Esse contexto se agrava à percepção de que o sistema republicano é duplamente culpado por essa ignomínia legal que anima a impunidade. Com efeito, atuando ainda ineficazmente nas causas da criminalidade, que perpassam por vários fatores, entrelaçados no binômio social desigualdade/investimento, deveria ao menos preocupar-se em agir de forma contundente na repressão ao crime, implementando e aplicando normas com real teor punitivo, também como forma de pacificar a sociedade. Também carentes são os recursos necessários para fazer cumprir a legislação penal, contribuindo diretamente para o desrespeito às garantias constitucionais dos reeducandos, relacionadas com a dignidade humana. Empenha-se em albergar soluções supostamente garantistas que permitem um retorno mais célere do preso à sociedade, despejando todos os dias no meio social centenas de detentos que não foram ressocializados.


Nesse contexto, a alteração das regras de progressão do regime prisional, agravando-se os critérios para sua concessão, constitui medida urgente e necessária para assegurar o respeito à legislação penal, reduzindo a impunidade e a insegurança social, e devolvendo ao Estado sua parcela de responsabilidade e poder na tutela efetiva dos direitos do cidadão.
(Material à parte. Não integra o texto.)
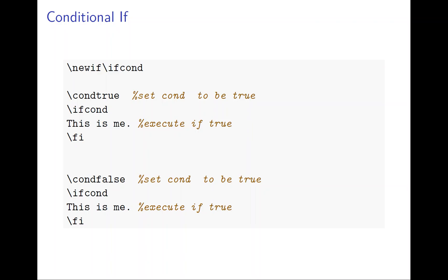Okay, so in this one, if you run this thing then only this statement will execute, this one is not.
É a expressão concreta do garantismo penal em sua compreensão integral, ou seja, preocupado também com os direitos fundamentais coletivos, e não somente com os direitos de liberdade individual, bem como fazendo frente às esferas privadas, e não apenas em face dos poderes públicos. Com a palavra, os legisladores com a competência lídima de mudar o que a sociedade tanto espera: a credibilidade e a real e concreta efetividade da execução das penas aplicadas pelo Poder Judiciário. Um bom momento em tempos de reforma do Código Penal.


Por Regina Célia Ferrari Longuini



[1] NORTHFLEET, E. G. “É o poder menos corrupto”: entrevista. [31 de agosto, 2011]. Brasília. Revista Veja. Entrevista concedida a Carlos Graieb e Paulo Celso Pereira.


[2]“Ser garantista não tem nada a ver com permitir a um homem condenado em duas instâncias permanecer indefinidamente em liberdade. Isso não é assim em país civilizado algum do mundo.” LENART, André. Garantismo x defesa da impunidade. Disponível em: . Acesso em: 13 mai. 2012.


[3] FISCHER, Douglas, Garantismo penal integral (e não o garantismo hiperbólico monocular) e o princípio da proporcionalidade: breves anotações de compreensão e aproximação dos seus ideais. Revista de Doutrina da 4ª Região, Porto Alegre, n. 28, mar. 2009. Disponível em: Acesso em: 27 mar. 2010.



Regina Célia Ferrari Longuini é juíza de Direito do estado do Acre, titular da 2ª Vara da Fazenda Pública da Comarca de Rio Branco.